Russia has now used some 27 percent of its reserves in these attempts to stem what has now become a 16 percent decline in the ruble following a 69 percent drop in the price of oil and last weeks decision by credit ratings agency Standard & Poor’s to cut its Russian credit rating on for the first time in nine years.
Thus over at Bank Rossii they have been having their work cut out "fexibilising" the trading band, and it this flexibilisation process that has now allowed the ruble to fall against its target exchange rate against a basket of currencies by 8.6 percent, down further from the 7.7 percent level facilitated last week and the 3.7 percent one of a month ago. Thus the currency has now fallen a net total of 5.9 percent against the basket in the series of six "adjustments" to the trading band implemented since 11 November. However this "slow and steady" approach to devaluation is creating uncertainty, as well as fomenting a loss of confidence with Russians withdrwaing a total of 6 percent from their ruble accounts in October alone, the fastest rate of withdrawal since Bank Rossii started collecting this data two years ago, while foreign currency deposits rose 11 percent. Thus instead of reinforcing confidence in the monetary regime, the slow, step-by-step adjustment of the nominal exchange rate may be perpetuating a steady stream of deposit withdrawals and dollar purchases, and some evidence for this can be found in November's 5.9 percent contraction in the money supply.
Apart from the financial turmoil, Russia's economy is really reeling under the weight of the sharp drop in crude prices, and the price of Urals crude, Russia's main export blend, is currently trading at around $44.13 a barrel, down 69 percent from the July peak, and well below the $70 average required to balance the country's 2009 budget.

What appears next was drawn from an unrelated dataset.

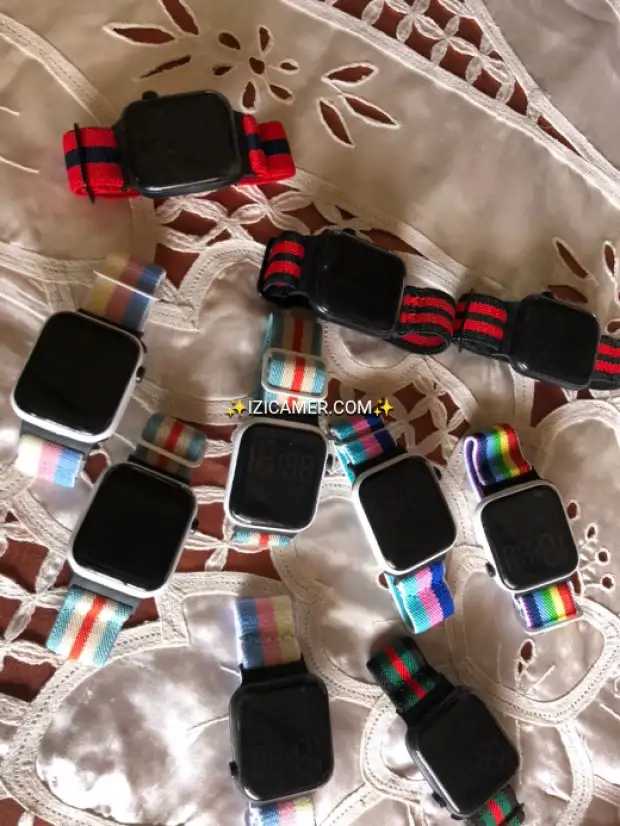 Montres électroniques avec effet SmartWatch pour enfants de 6 ans à 15 ans | IZICAMER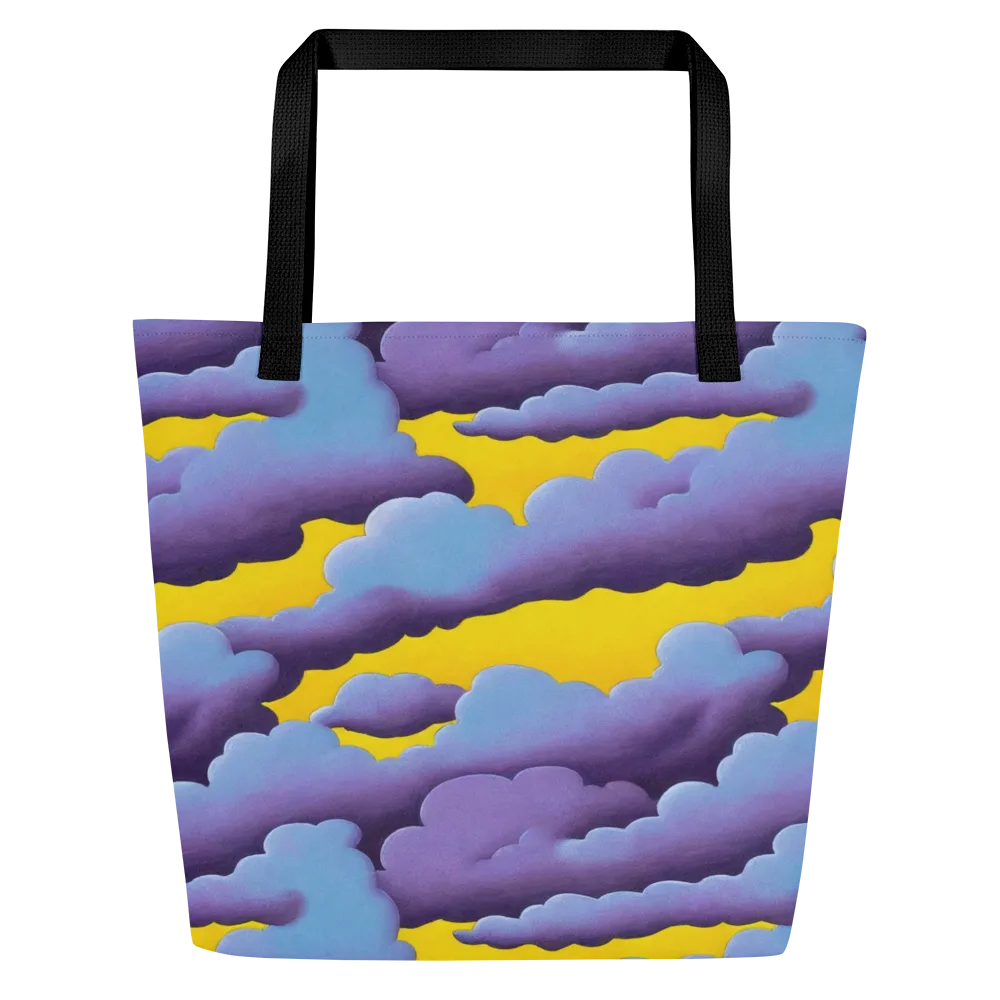 Electric Storm on Large Tote Bag W/ Pocket — Front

GDP Growth Slowing Rapidly
It is hard to get a fix at the present time on what Russia's growth rate will look like in 2009, and estimates vary widely. Deutsche Bank recently cut its Russian growth forecast to 1 percent for next year, down from an earlier 3.4 percent, while the World Bank last month forceast a slowdown to 3 percent from what has been an average expansion of 7 percent a year since 1999. At the bottom end of the forecast range we have Oleg Vyugin, chairman of MDM Bank and a former central banker, who suggests the economy may contract by as much as 4% if the prices of raw materials exports do not recover. My own feeling is that the final figure may well be much nearer to Vyugin's estimate than to the World Bank one, especially if we don't get a strong rebound in commodity prices and given the sharp contraction in non-energy industrial output.
Analysts an OAO Sperbank have gone one step further and come up with two possible scenarios for possible impacts of the economic slump on property prices. For the first (or mild case) scenario they postulate a 2.5-3.5% growth in GDP, 11% inflation and a 30 ruble per dollar exchange rate in 2009. In this case, the bank anticipates a drop in Moscow real estate prices of 34.4% in ruble terms and 46.6% in dollars. On the second scenario GDP stagnates (or even contracts by up to 2.5%), there is higher inflation and an even larger devaluation of the ruble against the dollar. On this (worst) case scenario the Bank suggests that Moscow property prices would plummet by 38.1% in rubles and 59.6% in US dollars. You have been warned!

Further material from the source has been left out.